# [Task directions]
What you return should be the entries, unchanged, without their pictures.

Caption-style text data

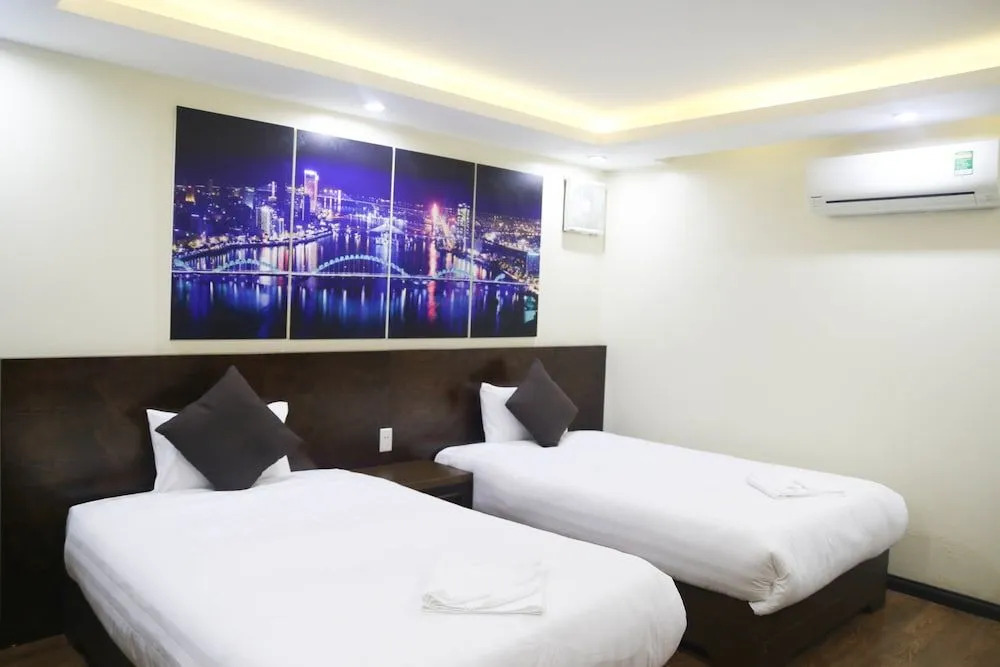 Cuong Thinh Motel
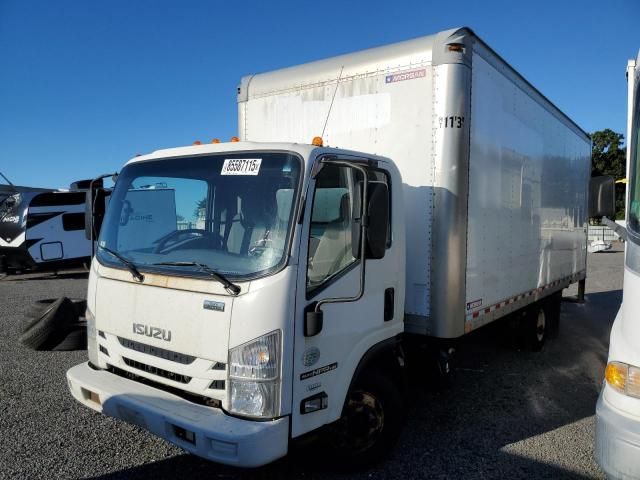 2016 Isuzu NPR HD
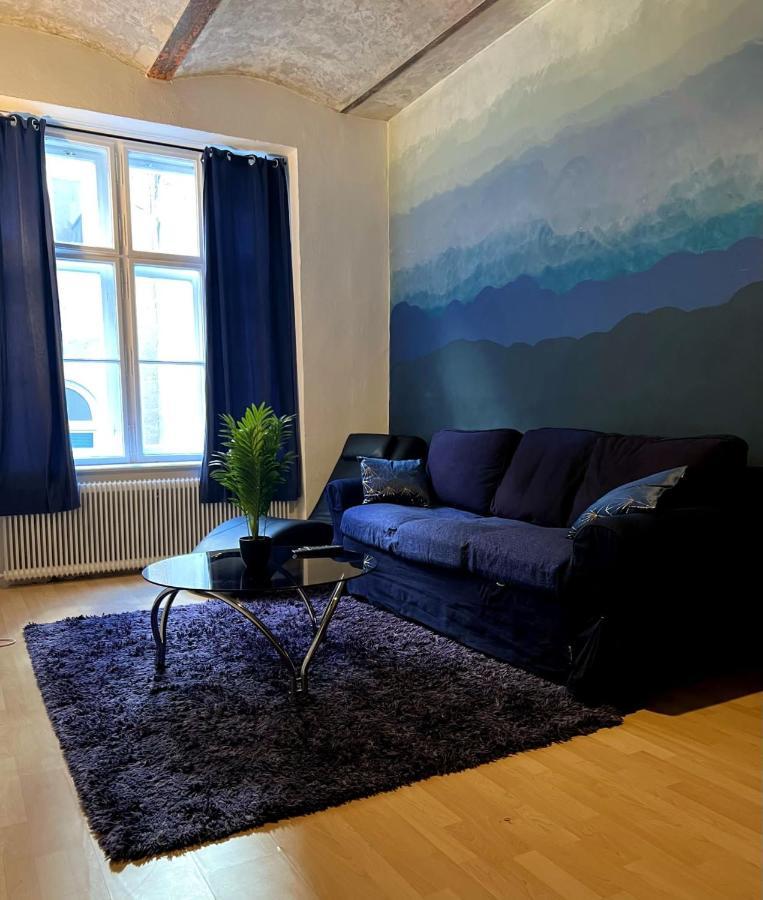 Magic Moment Apartment Wien Exterior foto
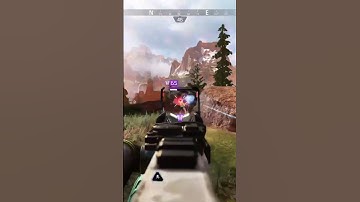 New game mode is crazy fun #apexlegends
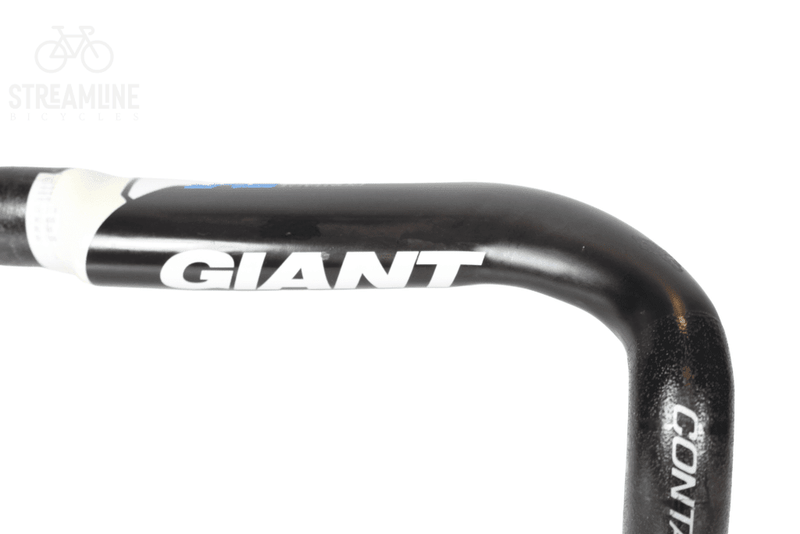 Giant Contact SLR Carbon - Handlebars - Grade: Excellent Bike Pre-Owned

# [Response area]
 Cuong Thinh Motel
 2016 Isuzu NPR HD
 Magic Moment Apartment Wien Exterior foto
 New game mode is crazy fun #apexlegends
 Giant Contact SLR Carbon - Handlebars - Grade: Excellent Bike Pre-Owned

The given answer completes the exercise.